_What you need to do_
Reproduce precisely the lines of the listing below, starting with the line that contains "Mix No. 6 barely" and stopping after the line that contains "Used 2021 Volkswagen Tiguan SE image 1"; include nothing else.

START Source information

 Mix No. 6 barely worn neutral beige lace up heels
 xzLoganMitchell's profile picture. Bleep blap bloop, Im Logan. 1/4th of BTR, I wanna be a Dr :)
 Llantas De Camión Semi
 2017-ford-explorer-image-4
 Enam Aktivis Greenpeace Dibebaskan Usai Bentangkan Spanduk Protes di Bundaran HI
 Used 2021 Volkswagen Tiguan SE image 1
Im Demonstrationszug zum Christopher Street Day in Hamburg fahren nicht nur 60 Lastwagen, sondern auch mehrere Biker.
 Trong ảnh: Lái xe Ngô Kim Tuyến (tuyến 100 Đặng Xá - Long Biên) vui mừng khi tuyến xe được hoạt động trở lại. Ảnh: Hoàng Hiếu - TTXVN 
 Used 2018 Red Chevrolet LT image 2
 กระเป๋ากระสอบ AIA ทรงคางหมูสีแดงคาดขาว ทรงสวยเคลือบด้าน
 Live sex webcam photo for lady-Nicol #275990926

END Source information
START Source information

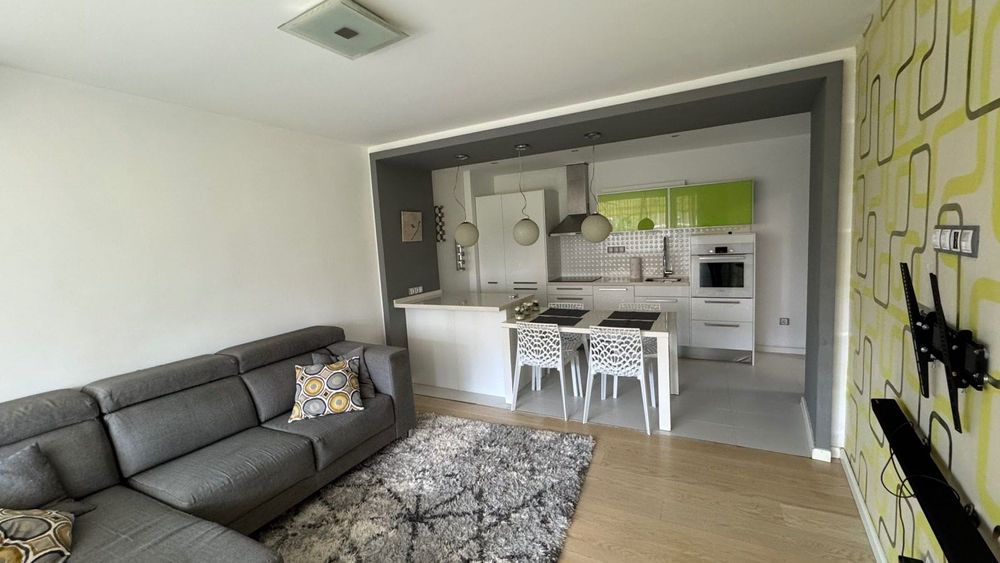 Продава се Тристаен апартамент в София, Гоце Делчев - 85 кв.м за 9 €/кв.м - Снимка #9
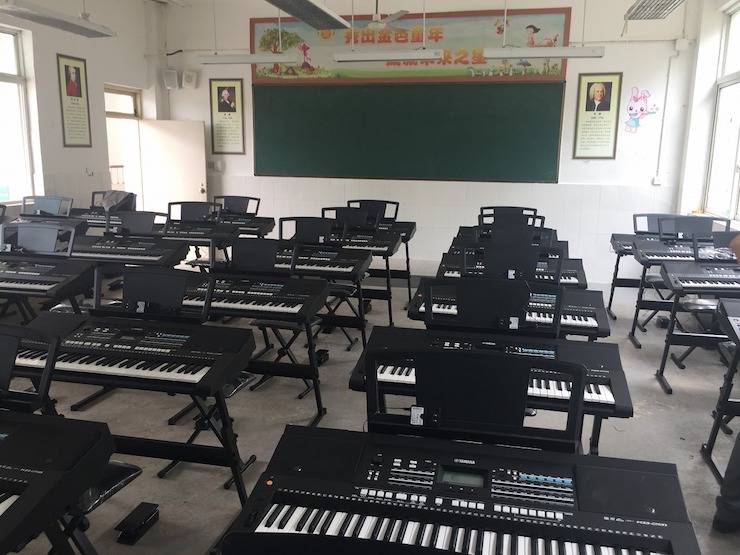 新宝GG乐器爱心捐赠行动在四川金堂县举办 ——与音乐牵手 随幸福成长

END Source information

_Exercise output_
 Mix No. 6 barely worn neutral beige lace up heels
 xzLoganMitchell's profile picture. Bleep blap bloop, Im Logan. 1/4th of BTR, I wanna be a Dr :)
 Llantas De Camión Semi
 2017-ford-explorer-image-4
 Enam Aktivis Greenpeace Dibebaskan Usai Bentangkan Spanduk Protes di Bundaran HI
 Used 2021 Volkswagen Tiguan SE image 1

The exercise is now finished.